A glamorous business it isn't. But Sysco, built through more than 140 acquisitions, can turn a nice profit through scale, efficiency and a wide network of distribution centers across the U.S. and Canada. In the fiscal year that ended in June 2007, it earned $1 billion after taxes, or $1.60 per share, on sales of $35 billion. Revenues this year should approach $38 billion.

How does Schnieders intend to keep boosting profits and grabbing market share? First, Sysco is so indispensable to its customers that it has little trouble passing on increases in food prices to them. Schnieders says the company is drawing closer to clients through joint "business reviews," which typically include advice on menus and operating details, such as inventory control.

Sysco is also strengthening its already potent, industry-leading network of 177 distribution centers — more than twice the number of its largest competitor, privately held US Foodservice. It is building six regional redistribution centers that Schnieders says will dramatically improve efficiency in the supply chain. The concept, he says, is akin to Wal-Mart's logistics system and is unlikely to be replicated by Sysco's rivals. "Our network is so much bigger and more powerful than the competition, which doesn't have the systems to do it," he says.
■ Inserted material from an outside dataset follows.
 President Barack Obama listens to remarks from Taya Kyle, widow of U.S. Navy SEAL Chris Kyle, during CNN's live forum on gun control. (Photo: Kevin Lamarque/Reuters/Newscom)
Sysco will likely gain market share in a recession, but the stock is selling at recessionary prices. At a recent $29 a share, Sysco (symbol SYY) traded at 16 times estimated 2008 earnings. That compares with an average price-earnings ratio of 23 over the past five years, says analyst Mark Churchill of Piper Jaffray, and it's the lowest the P/E has been in the past decade. Plus, you get paid a 3 percent yield while you wait for the stock to appreciate.